Failure to comply with any of the above will result in users being banned without notice. If any further details are needed, contact: “The team” using the link at the bottom of the forum page. Thank you.
User avatar
jcdr
Posts: 540
Joined: Sun Apr 08, 2012 9:49 am

Suggestion for all files to be UTF-8

Wed Nov 28, 2012 7:06 pm

In the topic Problems with the addition of new lines in the srt files, we've had a heated but interesting debate on encodings, and whether sub files should be preferably UTF-8 or ANSI.

I often stumble upon a subfile which encoding is very difficult to find. For instance, an 'Elling' movie file has "Let's go to the caf¨¦ around the corner." in it, and I have to try many encodings before finding that it is Chinese GB18030! GB18030 is the PRC national standard, as powerful as UTF-8, but its use is compulsory in PRC for all documents for compatibility reasons with former Chinese standards.
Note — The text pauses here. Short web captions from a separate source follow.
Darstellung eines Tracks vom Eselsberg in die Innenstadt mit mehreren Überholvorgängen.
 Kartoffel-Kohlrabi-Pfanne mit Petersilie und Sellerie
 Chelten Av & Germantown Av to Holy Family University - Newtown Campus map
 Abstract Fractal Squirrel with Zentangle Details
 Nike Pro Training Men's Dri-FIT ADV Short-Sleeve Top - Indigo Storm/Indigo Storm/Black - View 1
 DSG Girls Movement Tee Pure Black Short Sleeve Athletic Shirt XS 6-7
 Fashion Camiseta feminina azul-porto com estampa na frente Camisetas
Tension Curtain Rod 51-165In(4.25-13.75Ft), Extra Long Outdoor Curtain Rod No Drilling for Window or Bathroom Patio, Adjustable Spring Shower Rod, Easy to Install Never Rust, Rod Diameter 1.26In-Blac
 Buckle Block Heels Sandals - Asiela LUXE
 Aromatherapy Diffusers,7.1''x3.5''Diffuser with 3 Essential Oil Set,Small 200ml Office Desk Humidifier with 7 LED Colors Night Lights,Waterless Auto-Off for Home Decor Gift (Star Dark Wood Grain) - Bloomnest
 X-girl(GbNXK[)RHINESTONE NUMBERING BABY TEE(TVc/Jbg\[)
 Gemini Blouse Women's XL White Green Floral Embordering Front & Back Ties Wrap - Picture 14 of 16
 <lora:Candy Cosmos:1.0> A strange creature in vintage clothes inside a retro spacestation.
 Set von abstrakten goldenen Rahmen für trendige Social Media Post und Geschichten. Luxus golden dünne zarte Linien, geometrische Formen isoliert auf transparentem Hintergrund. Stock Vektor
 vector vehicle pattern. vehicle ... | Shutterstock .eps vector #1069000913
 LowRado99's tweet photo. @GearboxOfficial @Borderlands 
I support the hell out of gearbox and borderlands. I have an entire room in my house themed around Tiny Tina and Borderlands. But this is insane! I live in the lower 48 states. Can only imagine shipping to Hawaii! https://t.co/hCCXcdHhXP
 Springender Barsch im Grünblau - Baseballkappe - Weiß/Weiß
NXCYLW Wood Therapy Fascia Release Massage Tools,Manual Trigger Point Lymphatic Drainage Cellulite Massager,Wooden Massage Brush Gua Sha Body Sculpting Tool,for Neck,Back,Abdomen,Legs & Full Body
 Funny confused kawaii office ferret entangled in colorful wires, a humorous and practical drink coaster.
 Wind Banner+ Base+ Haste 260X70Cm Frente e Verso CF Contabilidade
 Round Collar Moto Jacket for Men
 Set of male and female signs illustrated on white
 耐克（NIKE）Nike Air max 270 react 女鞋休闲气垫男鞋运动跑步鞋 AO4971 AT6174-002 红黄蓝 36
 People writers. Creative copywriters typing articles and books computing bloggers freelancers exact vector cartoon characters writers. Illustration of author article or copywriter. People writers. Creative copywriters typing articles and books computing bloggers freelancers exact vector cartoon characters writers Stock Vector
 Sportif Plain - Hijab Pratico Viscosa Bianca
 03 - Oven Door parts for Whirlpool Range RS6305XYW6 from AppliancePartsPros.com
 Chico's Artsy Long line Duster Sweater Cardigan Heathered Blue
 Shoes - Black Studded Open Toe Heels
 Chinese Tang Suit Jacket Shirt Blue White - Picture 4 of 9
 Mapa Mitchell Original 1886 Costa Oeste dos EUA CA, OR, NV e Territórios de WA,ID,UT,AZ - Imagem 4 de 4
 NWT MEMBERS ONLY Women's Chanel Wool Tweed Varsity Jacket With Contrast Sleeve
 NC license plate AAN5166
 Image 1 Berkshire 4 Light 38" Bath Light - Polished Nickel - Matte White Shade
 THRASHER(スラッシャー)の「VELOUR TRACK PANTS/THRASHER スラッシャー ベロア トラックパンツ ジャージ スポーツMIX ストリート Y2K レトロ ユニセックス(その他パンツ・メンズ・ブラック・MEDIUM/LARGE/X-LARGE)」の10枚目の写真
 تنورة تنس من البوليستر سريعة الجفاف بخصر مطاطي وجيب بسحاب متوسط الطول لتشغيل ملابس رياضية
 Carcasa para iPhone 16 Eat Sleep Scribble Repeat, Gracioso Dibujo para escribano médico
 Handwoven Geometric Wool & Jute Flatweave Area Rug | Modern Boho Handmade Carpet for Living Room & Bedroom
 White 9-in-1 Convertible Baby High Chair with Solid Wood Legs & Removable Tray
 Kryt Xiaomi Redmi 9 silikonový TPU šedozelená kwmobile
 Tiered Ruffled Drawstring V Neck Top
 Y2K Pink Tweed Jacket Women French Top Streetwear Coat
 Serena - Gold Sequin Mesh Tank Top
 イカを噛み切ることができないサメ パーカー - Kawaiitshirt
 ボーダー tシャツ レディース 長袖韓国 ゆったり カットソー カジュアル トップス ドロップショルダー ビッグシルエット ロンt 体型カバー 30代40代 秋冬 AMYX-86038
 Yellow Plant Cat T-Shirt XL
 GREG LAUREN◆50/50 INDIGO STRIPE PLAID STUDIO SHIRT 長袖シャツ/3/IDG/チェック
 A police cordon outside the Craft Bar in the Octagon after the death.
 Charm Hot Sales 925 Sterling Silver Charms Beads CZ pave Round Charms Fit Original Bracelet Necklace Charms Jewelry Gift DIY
Other examples for other languages :
http://www.opensubtitles.org/en/subtitles/1626/ is an English file encoded in Japanese CP932,
http://www.opensubtitles.org/fr/subtitles/135003/ are English files encoded in Korean CP949,
http://www.opensubtitles.org/en/subtitles/4728198/ are English files encoded in Chinese GB18030,
http://www.opensubtitles.org/en/subtitles/3152794/ is an Indonesian file encoded in Chinese GB18030,
etc. etc.

The rule being that if the file originates from a DVD or Blu-Ray copy made in Asia (and there are many!), it has chances to be encoded with Asian encoding, even if in an Occidental language.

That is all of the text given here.